あの『シャングリ・ラ』の原点ともいうべき作品が奇跡のタッグによりついにコミック化!
おそらく初版かなり少なかったのだろうか発売日には入荷がなくて、客注で取り寄せて返品保留でようやく最近入荷して奥付見たら初版でした。あれ?
うーん、池上永一ってすげぇ小説家なんだなぁw かつてid:mizenさんが『シャングリ・ラ』のコミック版をけちょんけちょんに言っていた理由がおぼろげながらわかったような気がした。

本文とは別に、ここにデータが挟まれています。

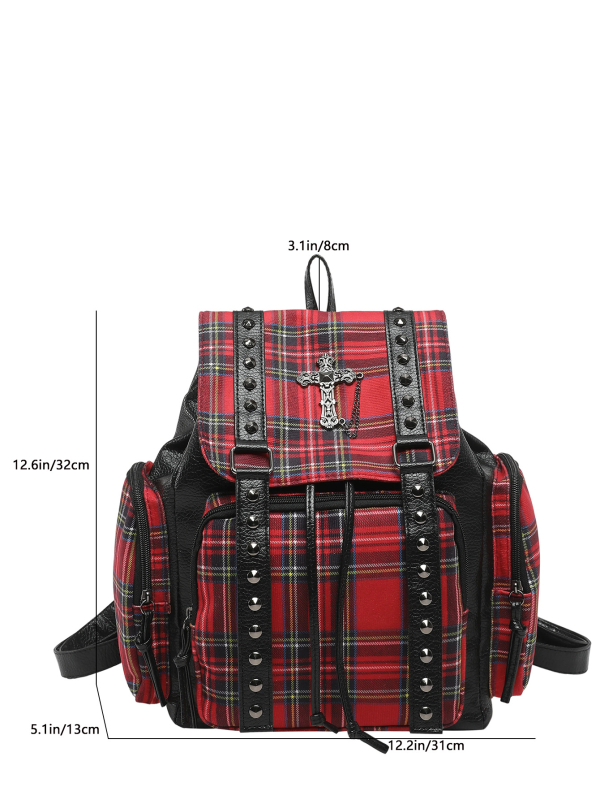 Rucsac retro Y2K, în carouri roz-negru, cu știfte metalice și decor cruce, capacitate mare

いや、絵や書き込みや演出もかなり工夫してあって、確実に情報過多であっぷあっぷとなるところを見せ場もきちんと用意してキャラクターも抜群にエロくてかわいくて、F-15とスホーイの空戦も見ごたえたっぷり。サマンサのコスプレもとても見栄えがして「おおw」となるし、ストーリーだって要所をしっかり押さえている。

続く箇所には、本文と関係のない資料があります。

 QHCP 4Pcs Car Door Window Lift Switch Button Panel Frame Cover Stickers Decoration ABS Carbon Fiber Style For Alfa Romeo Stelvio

だけれどなんだろうか、一瞬一瞬では確かに勝っている部分もあるのだけれど、平均してみたときの熱量が、負けているような気がするのだ。決して手を抜いて描かれているわけではない圧倒的といっていい描き込みぶりなのだけれど、小説の方で感じたあの無闇やたらに終始全力疾走オーバースピードでコーナーをぎりぎり攻め立てるような高揚感が常在しないのだ。これはもうなんというか、池上永一の小説がそういう部分で図抜けているというか、他の小説でもなかなか感じ取れない狂気のようなものであるように思う。池上永一の魅力、なのだろうなぁ。
いや正直、コミックとして読んだとき、これだけ美麗でアクションも描けているマンガなんてそうそう見ないし、もう少し大判でカラーページも再録してあって愛蔵版が出ても売れると思う。けど、なのだ。けど、足りないと感じてしまう。

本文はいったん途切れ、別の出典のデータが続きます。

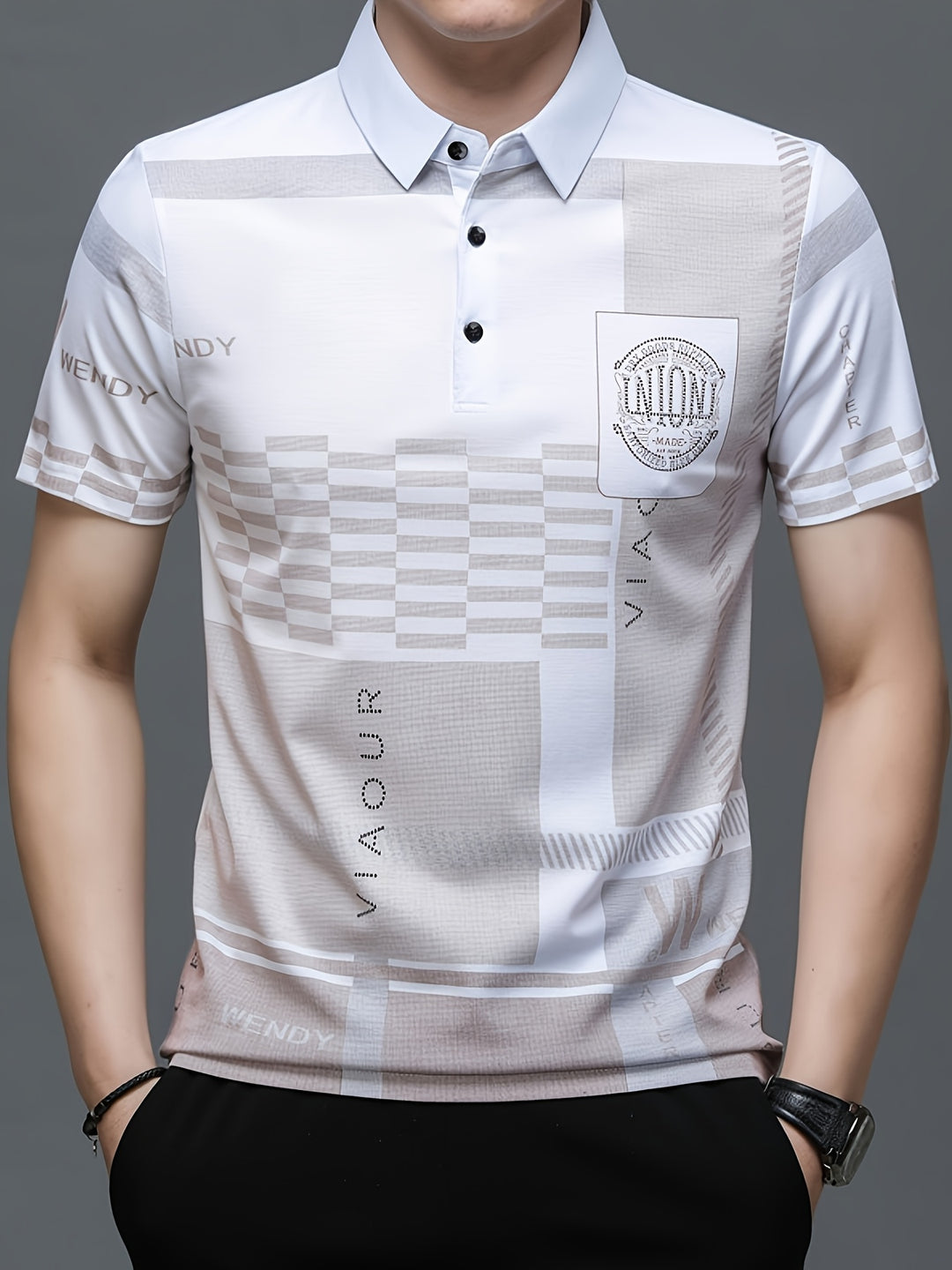 Harmon | Men's Colour-Block Geometric Knit Polo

おれは言うほど原作原理主義者でもないし、コミックと小説という評価軸の違うメディアを一緒くたに語る危険性についてもわかっているつもりだけれど、気がつくと比較して読んでいた。うーん、池上永一恐るべし。
あ、でも、ろみひーには期待してます。あとデニスがかわいい。ゼヂを蝶として描いてそれをデニスの髪飾りにしているところもいいんだよなぁ。